EXERCISE REQUIREMENTS —
As the answer, give exactly the lines of the records below from the one with "Bright & Airy" through the one with "encontro entre jovens e o setor têxtil", ends included and pictures left out.

EXTRACTED DATA Start Marker

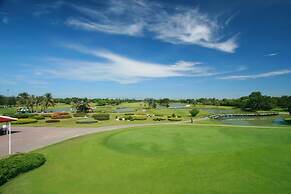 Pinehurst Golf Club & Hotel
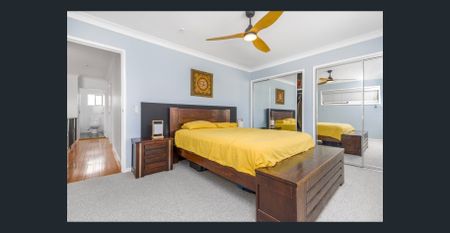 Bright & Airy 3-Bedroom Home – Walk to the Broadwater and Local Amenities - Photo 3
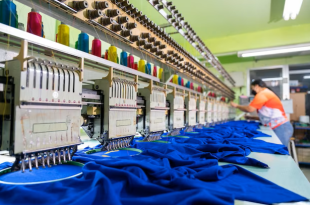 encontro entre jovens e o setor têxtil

EXTRACTED DATA End Marker
EXTRACTED DATA Start Marker

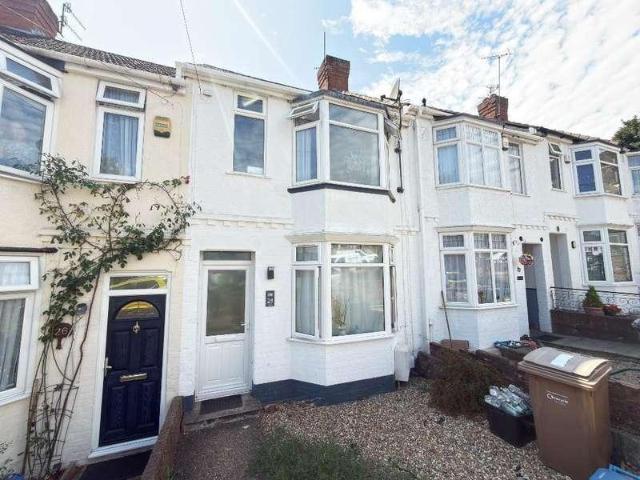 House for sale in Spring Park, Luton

EXTRACTED DATA End Marker

YOUR SOLUTION —
 Bright & Airy 3-Bedroom Home – Walk to the Broadwater and Local Amenities - Photo 3
 encontro entre jovens e o setor têxtil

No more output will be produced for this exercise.